Toddlers are intrigued about what sets one thing apart from the other, and they explore such sensations not so they can build up their levels of fear (that which holds many of us from exploring), but to build understanding. And what is further amazing is that toddlers do this through a checklist that organically arranges itself in their minds.

Worthwhile Characteristics.

We all generate mental checklists to move through our environments, it's kind of hot-wired into our thinking patterns. At the beginning of our life journeys we do this more organically, but as we shift into adulthood we begin to construct and edit such lists, inevitably moving away from what we did as toddlers. Some of this shift is warranted, but still, there are bullet points we can take away from these young masters that would serve us quite well in adulthood and in leadership. Here are three we selected below.

1. Toddlers don’t ignore their list. Interestingly, toddlers truly look at their checklist as a list that needs to be checked off. Just as important as checking the items on the list is how they move through them, with full sensation and with no reservation, constantly building their knowledge base of differences.

2. Emotion guides their prioritization. Essentially, the first items explored are usually the brightest, biggest, and most out-of-place things - the most attractive. They are those elements that create the strongest chemical reactions in the body. As we get older, we become more aware of the things that surround us, yet our natural chemical responses to differences don’t go away. Regardless of our age we are all still attracted to the biggest, brightest, and most out-of-place things in our environments. What we do as adults though is minimize such stimuli so as to maintain a sense of control over our spaces. This interrupts the learning possibility and the learning potential, something that toddlers don’t allow to stand in their way.

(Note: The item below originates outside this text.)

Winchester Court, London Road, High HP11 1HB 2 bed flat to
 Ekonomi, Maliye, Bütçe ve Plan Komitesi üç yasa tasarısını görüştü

3. An instinct of kinship. Toddlers, when together and exploring each other for the first time, show their interest for differences openly. They express and explore such stages by using all their senses, touching, smelling, speaking, etc. They are vulnerable at such times, which is a needed stage when learning and absorbing lessons on differences. Such organic states, that included openness and willingness, allows toddlers to move past interferences that stand in our adult way, to move right onto the other sphere, the world of kinship.

To Play is to Grow

These are just some of the lessons that toddlers give us. The organic checklist, and its attention to the environment, is something that unfortunately diminishes over time. This is truly an inopportune event. As we get older we generate these checklists more out of fear and self-perseverance, when we should be building them out of curiosity and exploration, attending to the Play side of our intrigue. The playground can - and should - still be present in the adult learner, and especially for the adult leader.